ProSocialAlign: Preference Conditioned Test Time Alignment in Language Models
Somnath Banerjee, Sayan Layek, Sayantan Adak, Mykola Pechenizkiy, Animesh Mukherjee, Rima Hazra
TL;DR
ProSocialAlign introduces a test-time, parameter-efficient framework that enforces lexicographic safety by first removing harm with a directional harm vector and then steering outputs toward five prosocial attributes via a joint autoregressive reward model conditioned on user preferences. The approach uses a harm-direction subtraction (DiReg) and a PBLoRA-based Pv-Arm with gradient-conflict projection, enabling multi-attribute guidance without retraining the base language model. Empirical results across diverse safety benchmarks show state-of-the-art reductions in unsafe leakage and improved alignment to human values, with strong gains in MIP, winrates, and Pareto-front coverage. This work offers a modular, scalable pathway for context-sensitive, safe, and human-aligned generation at inference time.
Abstract
Current language model safety paradigms often fall short in emotionally charged or high-stakes settings, where refusal-only approaches may alienate users and naive compliance can amplify risk.
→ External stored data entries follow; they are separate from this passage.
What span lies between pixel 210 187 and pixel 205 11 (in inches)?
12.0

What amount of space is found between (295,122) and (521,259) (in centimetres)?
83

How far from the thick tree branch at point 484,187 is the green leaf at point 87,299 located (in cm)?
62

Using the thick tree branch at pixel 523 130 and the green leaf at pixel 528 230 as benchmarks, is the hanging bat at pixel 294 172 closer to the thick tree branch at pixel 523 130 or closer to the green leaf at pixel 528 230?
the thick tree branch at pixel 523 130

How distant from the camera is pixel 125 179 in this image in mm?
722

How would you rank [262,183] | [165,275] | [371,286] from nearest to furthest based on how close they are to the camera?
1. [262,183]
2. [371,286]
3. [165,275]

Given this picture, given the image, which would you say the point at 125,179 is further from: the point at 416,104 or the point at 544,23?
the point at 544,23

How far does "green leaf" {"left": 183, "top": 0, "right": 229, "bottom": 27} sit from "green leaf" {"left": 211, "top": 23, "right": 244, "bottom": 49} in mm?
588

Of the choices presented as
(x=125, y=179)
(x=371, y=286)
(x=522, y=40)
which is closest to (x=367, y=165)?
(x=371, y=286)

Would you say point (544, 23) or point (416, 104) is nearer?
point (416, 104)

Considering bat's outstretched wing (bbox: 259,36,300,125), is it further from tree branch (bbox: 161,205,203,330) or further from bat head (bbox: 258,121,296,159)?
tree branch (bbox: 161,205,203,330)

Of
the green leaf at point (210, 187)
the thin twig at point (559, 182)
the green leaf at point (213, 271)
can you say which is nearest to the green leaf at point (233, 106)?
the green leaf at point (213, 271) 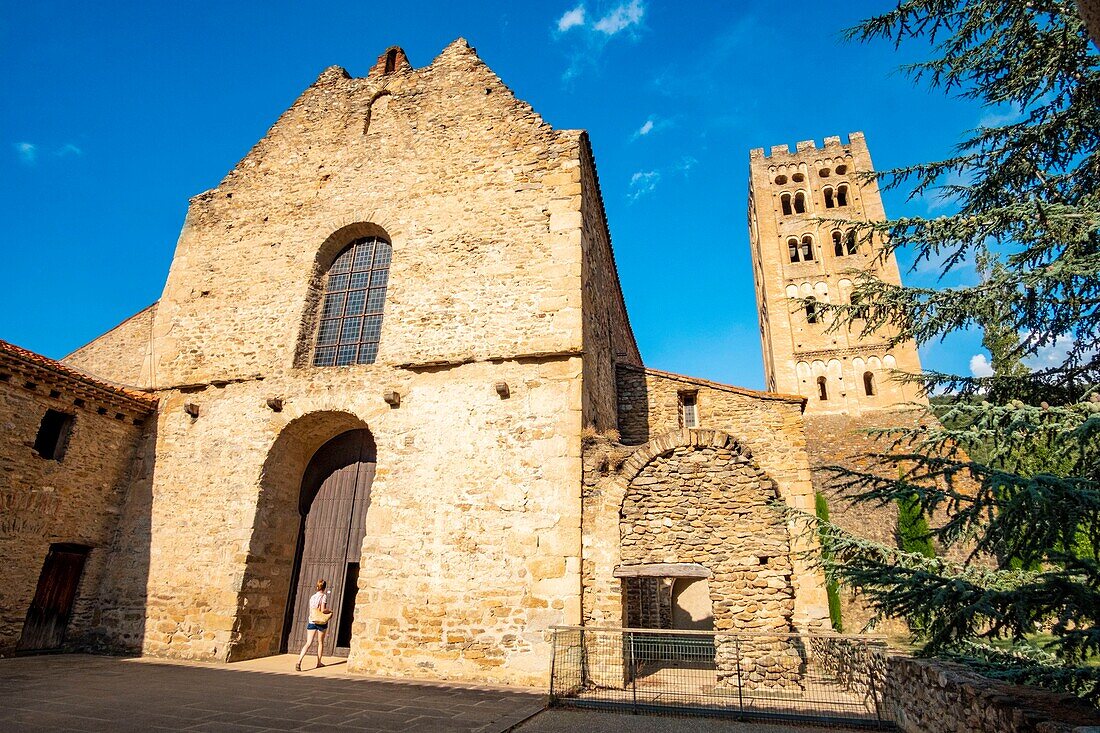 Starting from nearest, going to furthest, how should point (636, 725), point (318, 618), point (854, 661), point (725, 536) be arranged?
point (636, 725) → point (854, 661) → point (725, 536) → point (318, 618)

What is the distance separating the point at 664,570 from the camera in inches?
312

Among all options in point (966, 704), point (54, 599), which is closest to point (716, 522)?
point (966, 704)

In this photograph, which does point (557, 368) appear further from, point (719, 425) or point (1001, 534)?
point (1001, 534)

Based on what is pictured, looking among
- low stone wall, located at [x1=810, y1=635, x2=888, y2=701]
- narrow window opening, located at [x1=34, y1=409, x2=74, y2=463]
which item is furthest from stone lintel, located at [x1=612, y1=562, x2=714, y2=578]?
narrow window opening, located at [x1=34, y1=409, x2=74, y2=463]

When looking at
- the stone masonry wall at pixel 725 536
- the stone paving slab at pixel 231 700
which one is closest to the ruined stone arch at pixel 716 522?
the stone masonry wall at pixel 725 536

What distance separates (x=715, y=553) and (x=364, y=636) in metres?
5.29

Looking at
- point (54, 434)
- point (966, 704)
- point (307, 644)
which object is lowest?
point (307, 644)

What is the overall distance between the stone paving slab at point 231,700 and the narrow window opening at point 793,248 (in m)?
32.4

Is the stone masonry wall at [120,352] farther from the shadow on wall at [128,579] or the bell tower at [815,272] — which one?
the bell tower at [815,272]

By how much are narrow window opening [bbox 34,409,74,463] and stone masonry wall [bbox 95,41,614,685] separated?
4.35 ft

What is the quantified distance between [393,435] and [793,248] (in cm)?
3134

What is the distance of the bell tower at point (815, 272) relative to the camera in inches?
1125

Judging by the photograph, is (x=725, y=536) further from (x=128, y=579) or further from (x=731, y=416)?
(x=128, y=579)

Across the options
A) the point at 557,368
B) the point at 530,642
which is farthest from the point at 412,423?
the point at 530,642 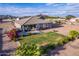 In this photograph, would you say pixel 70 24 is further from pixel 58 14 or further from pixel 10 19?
pixel 10 19

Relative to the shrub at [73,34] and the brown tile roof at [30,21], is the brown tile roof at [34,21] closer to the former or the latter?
the brown tile roof at [30,21]

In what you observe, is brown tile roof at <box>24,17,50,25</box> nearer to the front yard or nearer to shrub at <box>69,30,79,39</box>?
the front yard

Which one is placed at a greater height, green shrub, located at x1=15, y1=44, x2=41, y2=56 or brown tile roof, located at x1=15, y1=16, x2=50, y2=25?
brown tile roof, located at x1=15, y1=16, x2=50, y2=25

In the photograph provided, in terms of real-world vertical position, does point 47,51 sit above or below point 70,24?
below

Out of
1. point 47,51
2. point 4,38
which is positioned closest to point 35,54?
point 47,51

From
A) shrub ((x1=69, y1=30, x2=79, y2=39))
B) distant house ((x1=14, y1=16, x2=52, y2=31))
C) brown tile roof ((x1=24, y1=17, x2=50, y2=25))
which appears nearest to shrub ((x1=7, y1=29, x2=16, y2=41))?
distant house ((x1=14, y1=16, x2=52, y2=31))

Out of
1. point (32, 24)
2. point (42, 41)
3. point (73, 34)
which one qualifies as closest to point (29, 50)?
point (42, 41) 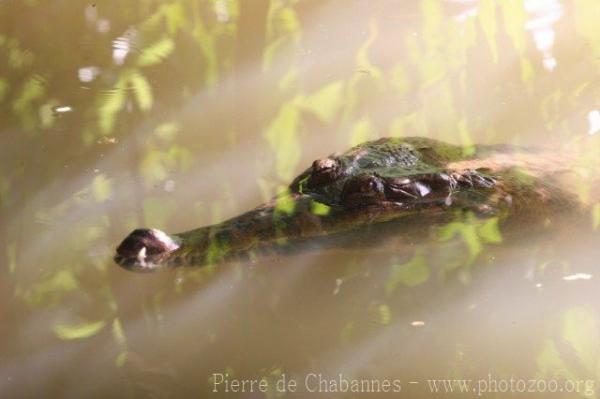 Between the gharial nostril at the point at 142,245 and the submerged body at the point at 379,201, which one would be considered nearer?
the gharial nostril at the point at 142,245

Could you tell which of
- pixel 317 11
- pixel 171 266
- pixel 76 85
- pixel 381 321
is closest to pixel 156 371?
pixel 171 266

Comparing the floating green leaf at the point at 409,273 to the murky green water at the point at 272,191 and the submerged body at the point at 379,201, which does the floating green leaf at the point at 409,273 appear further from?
the submerged body at the point at 379,201

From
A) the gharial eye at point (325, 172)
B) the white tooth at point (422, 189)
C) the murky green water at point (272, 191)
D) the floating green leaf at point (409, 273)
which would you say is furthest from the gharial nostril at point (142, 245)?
the white tooth at point (422, 189)

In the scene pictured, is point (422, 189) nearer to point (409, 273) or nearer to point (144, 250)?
point (409, 273)

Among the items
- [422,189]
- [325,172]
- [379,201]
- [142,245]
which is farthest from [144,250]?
[422,189]

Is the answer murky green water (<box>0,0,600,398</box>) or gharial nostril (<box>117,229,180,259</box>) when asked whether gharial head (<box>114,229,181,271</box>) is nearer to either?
gharial nostril (<box>117,229,180,259</box>)

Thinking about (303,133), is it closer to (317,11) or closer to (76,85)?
(76,85) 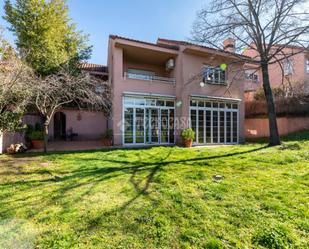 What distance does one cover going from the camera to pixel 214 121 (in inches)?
670

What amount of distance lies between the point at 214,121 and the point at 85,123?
39.1 feet

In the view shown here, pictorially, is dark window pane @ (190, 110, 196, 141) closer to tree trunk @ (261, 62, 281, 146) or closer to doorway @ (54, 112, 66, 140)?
tree trunk @ (261, 62, 281, 146)

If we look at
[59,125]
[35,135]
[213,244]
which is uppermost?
[59,125]

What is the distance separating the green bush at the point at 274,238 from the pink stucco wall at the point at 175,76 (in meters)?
11.5

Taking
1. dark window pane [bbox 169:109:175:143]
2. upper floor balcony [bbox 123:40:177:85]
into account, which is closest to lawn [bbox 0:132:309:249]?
dark window pane [bbox 169:109:175:143]

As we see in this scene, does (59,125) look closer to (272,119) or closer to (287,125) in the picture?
(272,119)

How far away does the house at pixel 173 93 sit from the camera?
→ 14750 mm

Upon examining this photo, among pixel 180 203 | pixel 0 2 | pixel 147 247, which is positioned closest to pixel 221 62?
pixel 180 203

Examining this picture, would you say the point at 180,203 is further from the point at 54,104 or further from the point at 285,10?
the point at 285,10

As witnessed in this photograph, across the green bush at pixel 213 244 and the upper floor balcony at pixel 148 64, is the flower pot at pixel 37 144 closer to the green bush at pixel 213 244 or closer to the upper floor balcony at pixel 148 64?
the upper floor balcony at pixel 148 64

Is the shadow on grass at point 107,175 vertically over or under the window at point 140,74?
under

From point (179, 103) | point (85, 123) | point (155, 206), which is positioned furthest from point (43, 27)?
point (155, 206)

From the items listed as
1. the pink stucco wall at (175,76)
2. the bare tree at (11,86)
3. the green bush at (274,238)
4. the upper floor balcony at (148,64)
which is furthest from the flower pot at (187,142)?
the green bush at (274,238)

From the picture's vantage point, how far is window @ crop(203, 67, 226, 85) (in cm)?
1688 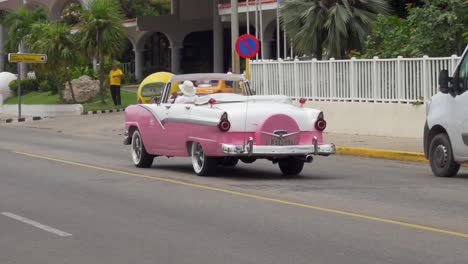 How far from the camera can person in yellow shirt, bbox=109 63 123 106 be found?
3938 cm

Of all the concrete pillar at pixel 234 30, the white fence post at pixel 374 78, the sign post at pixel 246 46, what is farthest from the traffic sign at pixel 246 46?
the white fence post at pixel 374 78

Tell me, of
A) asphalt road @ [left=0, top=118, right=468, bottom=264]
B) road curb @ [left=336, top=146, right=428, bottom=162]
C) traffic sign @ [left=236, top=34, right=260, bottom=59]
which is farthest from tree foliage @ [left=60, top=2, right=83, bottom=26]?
asphalt road @ [left=0, top=118, right=468, bottom=264]

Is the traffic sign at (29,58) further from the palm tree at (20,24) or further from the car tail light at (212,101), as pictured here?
the car tail light at (212,101)

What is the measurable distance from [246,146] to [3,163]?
275 inches

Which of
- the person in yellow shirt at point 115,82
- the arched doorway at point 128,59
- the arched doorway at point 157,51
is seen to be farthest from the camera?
the arched doorway at point 128,59

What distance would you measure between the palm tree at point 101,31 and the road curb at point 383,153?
20.4 metres

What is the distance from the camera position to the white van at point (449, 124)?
1531 centimetres

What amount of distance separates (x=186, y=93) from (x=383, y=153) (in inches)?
220

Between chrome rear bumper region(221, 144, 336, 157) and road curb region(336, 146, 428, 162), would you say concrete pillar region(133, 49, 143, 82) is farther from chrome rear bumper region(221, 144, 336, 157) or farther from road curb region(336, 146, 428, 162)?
chrome rear bumper region(221, 144, 336, 157)

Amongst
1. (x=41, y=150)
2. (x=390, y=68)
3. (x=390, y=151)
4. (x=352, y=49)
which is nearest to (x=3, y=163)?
(x=41, y=150)

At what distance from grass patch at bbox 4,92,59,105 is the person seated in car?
90.2ft

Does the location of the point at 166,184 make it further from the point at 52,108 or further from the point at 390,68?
the point at 52,108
We propose ProSocialAlign, a test-time, parameter-efficient framework that steers generation toward safe, empathetic, and value-aligned responses without retraining the base model. We formalize five human-centered objectives and cast safety as lexicographic constrained generation: first, applying hard constraints to eliminate harmful continuations; then optimizing for prosocial quality within the safe set. Our method combines (i) directional regulation, a harm-mitigation mechanism that subtracts a learned "harm vector" in parameter space, and (ii) preference-aware autoregressive reward modeling trained jointly across attributes with gradient conflict resolution, enabling fine-grained, user-controllable decoding. Empirical evaluations across five safety benchmarks demonstrate state-of-the-art performance, reducing unsafe leakage and boosting alignment to human values, with strong gains across multiple evaluation metrics. ProSocialAlign offers a robust and modular foundation for generating context-sensitive, safe, and human-aligned responses at inference time.